We need to point it out from the onset and there is no disputing this age-long legal position that, no Court has the powers to veer into questions or issues not placed before it. The primary objective of a Court is to confine itself to the hearing and determination in an appeal of issues raised in the grounds of appeal and issues formulated therefrom and in the case of a Court of first instance like the trial Court in the instant matter, only the issues presented by the parties in a suit for the Courts resolution. The Court is therefore legally forbidden from transgressing into issues not presented before it. See the case of: Agbor V. The Polytechnic, Calabar (2009) LPELR 8690 (CA).
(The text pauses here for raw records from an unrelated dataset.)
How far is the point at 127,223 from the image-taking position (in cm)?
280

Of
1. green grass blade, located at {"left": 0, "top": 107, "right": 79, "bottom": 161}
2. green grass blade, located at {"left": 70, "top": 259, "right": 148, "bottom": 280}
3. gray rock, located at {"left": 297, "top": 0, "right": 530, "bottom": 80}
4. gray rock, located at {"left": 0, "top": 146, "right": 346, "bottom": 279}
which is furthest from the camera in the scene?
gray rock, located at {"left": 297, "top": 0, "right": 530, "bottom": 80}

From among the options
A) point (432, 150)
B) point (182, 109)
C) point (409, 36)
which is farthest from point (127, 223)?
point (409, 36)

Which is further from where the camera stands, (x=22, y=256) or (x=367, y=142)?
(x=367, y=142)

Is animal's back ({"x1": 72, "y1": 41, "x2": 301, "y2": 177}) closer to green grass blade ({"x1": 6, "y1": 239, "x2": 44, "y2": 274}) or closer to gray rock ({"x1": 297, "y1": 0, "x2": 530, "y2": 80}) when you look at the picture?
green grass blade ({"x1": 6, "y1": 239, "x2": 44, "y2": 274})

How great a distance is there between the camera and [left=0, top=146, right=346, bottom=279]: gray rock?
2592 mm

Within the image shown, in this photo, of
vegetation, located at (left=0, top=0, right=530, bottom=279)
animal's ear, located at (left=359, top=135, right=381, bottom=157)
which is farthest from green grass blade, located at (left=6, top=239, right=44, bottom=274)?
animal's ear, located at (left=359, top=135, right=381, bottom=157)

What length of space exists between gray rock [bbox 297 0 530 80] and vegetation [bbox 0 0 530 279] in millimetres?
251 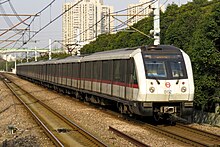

However, this is not to say that Judges cannot express themselves by way of making passing remarks commonly referred to in legal parlance as obiter dicta. Our Law Reports are replete with comments, opinions or remarks and such expressions that Judges are known to make in the course of the delivery of their decisions, but these remarks and opinions do not usually address the core issues that are central to the determination of the case that the Court was called upon to decide, that is, the ratio decidendi of that case. That is why remarks made by way of obiter dicta are not appealable and if per chance an appeal is lodged against an order dictum, that appeal is necessarily irregular and must be struck out, as not being the decision of the Court in the case.

— O.F. Omoleye JCA. Amaechi V. The Governor of Rivers State & Ors. (CA/PH/342/2015, 8 May 2017)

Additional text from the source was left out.